The 2006 final regulations permitted a plan to seek verification of an individual’s need for an alternative standard, for example, by requiring a statement from that individual’s personal physician.  The proposed regulations amend that rule to provide that physician verification may be required by a plan if reasonable under the circumstances.  As an example, the proposed regulations state that it would not be reasonable for a plan to seek verification of a claim that is obviously valid based on the nature of the individual’s medical condition that is known to the plan.

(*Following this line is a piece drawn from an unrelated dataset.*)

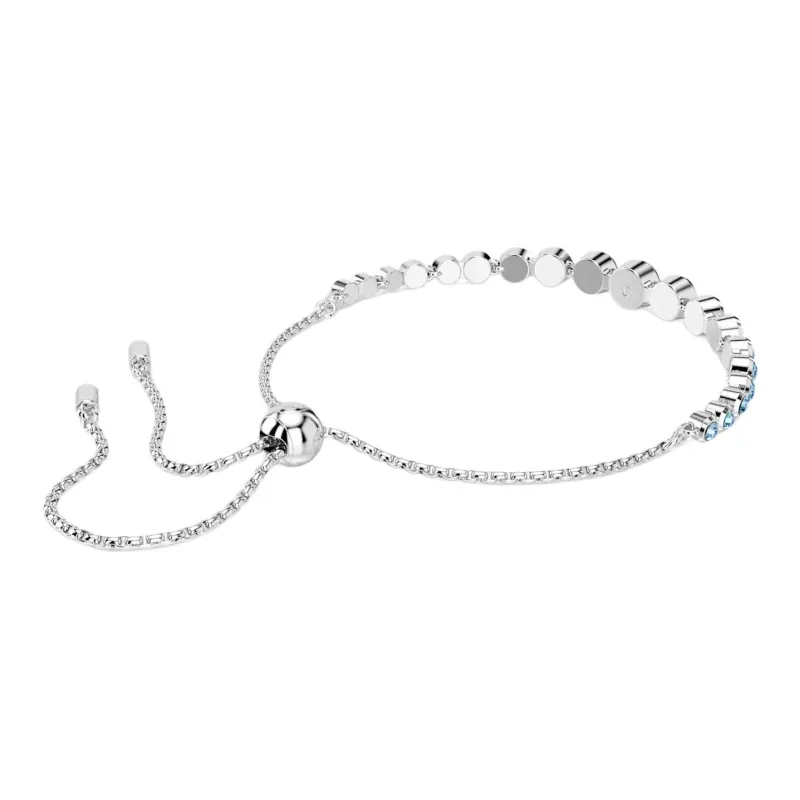 Swarovski Crystal, Rhodium Plated Bracelets Unisex Blue-1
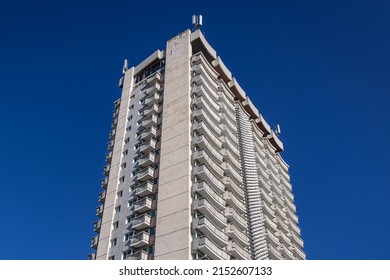 Varna, Bulgaria - September 3, 2021: Exterior of Interhotel Cherno More Hotel in Varna city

4. Notice of Availability of Alternative Standards

The plan must disclose in all plan materials describing the terms of the program:

  • the availability of the reasonable alternative standard for obtaining the reward; or
  • the possibility of waiver of the standard.

If plan materials merely mention that a program is available, without describing its terms, this disclosure is not required.

The proposed regulations provide new model disclosure language that may be used: Your health plan is committed to helping you achieve your best health status. Rewards for participating in a wellness program are available to all employees. If you think you might be unable to meet a standard for a reward under this wellness program, you might qualify for an opportunity to earn the same reward by different means. Contact us at [insert contact information] and we will work with you to find a wellness program with the same reward that is right for you in light of your health status.

Other model disclosure language appears in the examples to the proposed regulations.

5. Frequency of Opportunity to Qualify

All individuals who are eligible for the wellness program must be provided an opportunity to qualify for the program’s reward at least once per year.

Conclusion

Employers should review their wellness programs to determine whether they comply with these proposed regulations. Employers should also stay tuned for the final regulations. There are many other significant PPACA requirements that require further implementing guidance as we near 2014. We will continue to keep you updated on new guidance as it is issued.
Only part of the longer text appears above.